- Description of the task:
Transcribe the data below verbatim from the line with "Carmen Says Breeze Pyjama Set" to the line with "Krayt Dragon - Shadows of the Galaxy (SHD)". Include both of those lines.

- Extracted records:
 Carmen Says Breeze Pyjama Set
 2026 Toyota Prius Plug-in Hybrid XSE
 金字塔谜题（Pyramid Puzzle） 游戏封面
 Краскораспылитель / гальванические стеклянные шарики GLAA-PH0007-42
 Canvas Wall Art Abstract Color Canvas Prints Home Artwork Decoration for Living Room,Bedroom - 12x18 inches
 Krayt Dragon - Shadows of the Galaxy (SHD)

==

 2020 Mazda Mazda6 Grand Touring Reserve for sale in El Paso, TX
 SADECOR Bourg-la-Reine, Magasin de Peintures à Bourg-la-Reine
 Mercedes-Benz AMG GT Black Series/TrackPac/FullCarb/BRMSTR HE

- Response box:
 Carmen Says Breeze Pyjama Set
 2026 Toyota Prius Plug-in Hybrid XSE
 金字塔谜题（Pyramid Puzzle） 游戏封面
 Краскораспылитель / гальванические стеклянные шарики GLAA-PH0007-42
 Canvas Wall Art Abstract Color Canvas Prints Home Artwork Decoration for Living Room,Bedroom - 12x18 inches
 Krayt Dragon - Shadows of the Galaxy (SHD)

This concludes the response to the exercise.